## ENTRIES SUPPLIED
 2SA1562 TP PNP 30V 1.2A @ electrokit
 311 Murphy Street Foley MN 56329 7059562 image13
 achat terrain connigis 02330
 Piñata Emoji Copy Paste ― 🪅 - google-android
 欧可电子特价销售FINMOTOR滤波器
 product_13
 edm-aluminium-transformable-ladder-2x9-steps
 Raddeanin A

## REQUIREMENT
All lines from the one containing "欧可电子特价销售FINMOTOR滤波器" through the last line of the data must be set down exactly. No other lines belong in the answer.

## SOLUTION
 欧可电子特价销售FINMOTOR滤波器
 product_13
 edm-aluminium-transformable-ladder-2x9-steps
 Raddeanin A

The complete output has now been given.